Dissecting the Financial Performance

ACG’s financial disclosure for the nine months ending September 30, 2025, reveals a company in a powerful position. Total revenues reached $934.7 million, with a total pre-tax net income of $668.8 million. It is important to note that this income figure includes a significant net benefit of $544.8 million from the settlement of insurance claims related to losses from its Russia exposure. Excluding these proceeds, the pre-tax net income stood at a solid $124.0 million for the nine-month period. This performance demonstrates core profitability even without the one-time insurance settlement.

The company’s operational efficiency has also seen marked improvement. Cash flow from operations for the first nine months of the year was $502.2 million, a notable 17% increase compared to the same period in the previous year. In a statement, CEO and President Tom Baker attributed this growth to higher aircraft utilization, a lower cost of funds, and a strategic focus on acquiring attractive aircraft while divesting from less profitable assets. These actions have directly contributed to strengthening the company’s bottom line and competitive stance.

From a balance sheet perspective, ACG presents a formidable profile. The company reported total assets of $13.7 billion and an impressive available liquidity of $5.8 billion as of September 30, 2025. This substantial liquidity positions ACG to comfortably fund maturing debt, finance new aircraft purchases, and pursue further growth opportunities. Furthermore, its net debt-to-equity ratio is 1.9x, well below its long-term target of 2.5x, indicating a conservative and healthy leverage position that provides significant financial flexibility.

“With $5.8 billion of available liquidity and industry leading leverage of 1.9x, we are poised to accelerate growth and performance of the business in 2026 and beyond.”

— Tom Baker, CEO and President of ACG

Strategic Fleet Management and Market Outlook

A cornerstone of ACG’s success is its dynamic and forward-looking fleet management strategy. As of the end of Q3, the company’s portfolio consisted of approximately 470 owned, managed, and committed aircraft leased to around 90 airlines in about 50 countries. During the third quarter alone, ACG added sixteen aircraft to its portfolio. This included twelve new-technology, fuel-efficient models such as the Airbus A320neo family, Boeing 737 MAX family, Boeing 787, and Airbus A330neo. This focus on modern aircraft aligns with the global airline industry’s push for improved fuel efficiency and reduced emissions.

The company’s growth has been both organic and acquisitive. ACG has been actively acquiring aircraft, including completing the purchase of thirteen aircraft from a 20-aircraft portfolio acquired from Avolon Aerospace Leasing Limited within the first nine months of 2025. This strategic expansion has grown the portfolio by 12% in that period while simultaneously improving its overall credit profile. Such moves are indicative of a broader trend in the leasing market, where scale and a high-quality, modern asset base are critical for success.

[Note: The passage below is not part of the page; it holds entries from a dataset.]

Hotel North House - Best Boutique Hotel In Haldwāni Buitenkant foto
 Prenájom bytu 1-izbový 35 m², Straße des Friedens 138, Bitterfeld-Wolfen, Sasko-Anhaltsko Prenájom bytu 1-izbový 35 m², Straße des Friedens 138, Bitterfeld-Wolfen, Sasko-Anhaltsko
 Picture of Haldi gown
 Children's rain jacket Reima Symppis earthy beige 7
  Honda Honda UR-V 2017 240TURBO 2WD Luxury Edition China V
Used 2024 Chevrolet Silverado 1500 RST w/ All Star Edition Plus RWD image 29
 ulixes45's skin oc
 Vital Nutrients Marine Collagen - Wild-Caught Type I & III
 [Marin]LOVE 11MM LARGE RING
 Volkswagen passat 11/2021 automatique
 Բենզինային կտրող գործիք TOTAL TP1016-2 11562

The outlook for the aircraft leasing sector in 2025 remains stable and positive. Lessors are benefiting from a supply-and-demand imbalance for commercial-aircraft, particularly for narrow-body jets. This environment, coupled with improving airline profitability, creates favorable conditions for companies like ACG. The industry is seeing a rebound in passenger traffic and a strong focus on fleet modernization, which drives demand for the new-technology aircraft that ACG is actively acquiring.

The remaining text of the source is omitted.